# Been Working with AnyRail free trial



## bradimous1 (Mar 3, 2010)

as it is hard for me to justify buying the full version with have a 2 month old son. So I have broken my layout in left and right as to stay within the 50 piece limit. My layout consists of two tables side by side. A 60" x 60" table next to a 44" x 66" table... it will be an "L" shape with the the back side of the layout being 104". I hope this makes sense and will post a pic of the layout shape from RightTrack as I was able to create the shape in that program, but couldn't figure out how to in the free trial of AnyRail. Will have everything uploaded in the next hour as it is time to go feed the little guy... man I hope he grows up enjoying the "J & B Railways"

*sons name is Jackson, so it is the Jackson and Brad Railways


----------



## xrunner (Jul 29, 2011)

bradimous1 said:


> as it is hard for me to justify buying the full version with have a 2 month old son. ...


Oh come on, you can justify it! You obviously can justify having a model railroad.

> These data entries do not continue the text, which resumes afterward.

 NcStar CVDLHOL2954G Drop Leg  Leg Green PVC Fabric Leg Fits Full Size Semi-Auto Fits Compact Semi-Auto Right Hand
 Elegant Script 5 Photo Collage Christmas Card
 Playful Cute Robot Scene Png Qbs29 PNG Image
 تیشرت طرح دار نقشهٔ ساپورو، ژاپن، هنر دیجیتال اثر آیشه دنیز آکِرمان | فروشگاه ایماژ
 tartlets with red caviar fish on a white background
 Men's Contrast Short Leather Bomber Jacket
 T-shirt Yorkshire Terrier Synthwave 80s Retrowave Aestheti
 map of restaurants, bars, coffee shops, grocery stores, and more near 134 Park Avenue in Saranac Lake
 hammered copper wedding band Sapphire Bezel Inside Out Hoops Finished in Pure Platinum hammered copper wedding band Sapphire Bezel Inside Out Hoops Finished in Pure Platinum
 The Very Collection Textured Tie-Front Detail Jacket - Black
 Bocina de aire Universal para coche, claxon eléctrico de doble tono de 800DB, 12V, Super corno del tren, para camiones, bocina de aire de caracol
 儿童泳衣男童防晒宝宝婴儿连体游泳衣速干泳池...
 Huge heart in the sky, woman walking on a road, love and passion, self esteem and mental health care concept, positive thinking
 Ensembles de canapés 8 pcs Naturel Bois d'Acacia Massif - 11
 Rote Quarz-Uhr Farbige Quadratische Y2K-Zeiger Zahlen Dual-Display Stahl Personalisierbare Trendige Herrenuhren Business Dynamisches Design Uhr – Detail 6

It shouldn't be too much harder to justify the program!


----------



## bradimous1 (Mar 3, 2010)

xrunner said:


> Oh come on, you can justify it! You obviously can justify having a model railroad. It shouldn't be too much harder to justify the program!


I wish... but I got the train set a little over a year ago... just now getting to the layout... so not really much purchasing going on right now.

Here is the shape... it will be flipped so that the longer side is on the right.


----------



## bradimous1 (Mar 3, 2010)

hopefully this will work better... and the layout is attached in two different pics.


----------



## gunrunnerjohn (Nov 10, 2010)

Is this what you're shooting for? There are still gaps, and I'm not sure what the thing is with the overlapping track. The turntable looks pretty lonely too. 

I just joined the two sections you had together.


----------



## bradimous1 (Mar 3, 2010)

thank you for posting that... the spaces are due to my limitations with AnyRail... I plan on not having the gaps there obviously... as for the crossing track, that again was a limitation on how t show a difference in heights. I built the tables at slightly different heights so that I can not only have track elevate, but also have it descend. Basically, the plan was to use 3 degree rises and decreases in elevation and have the curves rise on the right side and the inner tracks go down so that they will be able to go over under one another. 

I am very open to criticism and suggestions. If it is a complete train wreck (pun intended), let me know.

oh, and one other thing... turnout at the bottom left is the same turnout as the second... I had them on both for reference.... that goes for the top two as well. only one turnout in the top section going to the middle and the first intersection on the left top is the same as the second... hope that makes sense.



bradimous1 said:


> oh, and one other thing... turnout at the bottom left is the same turnout as the second... I had them on both for reference.... that goes for the top two as well. only one turnout in the top section going to the middle and the first intersection on the left top is the same as the second... hope that makes sense.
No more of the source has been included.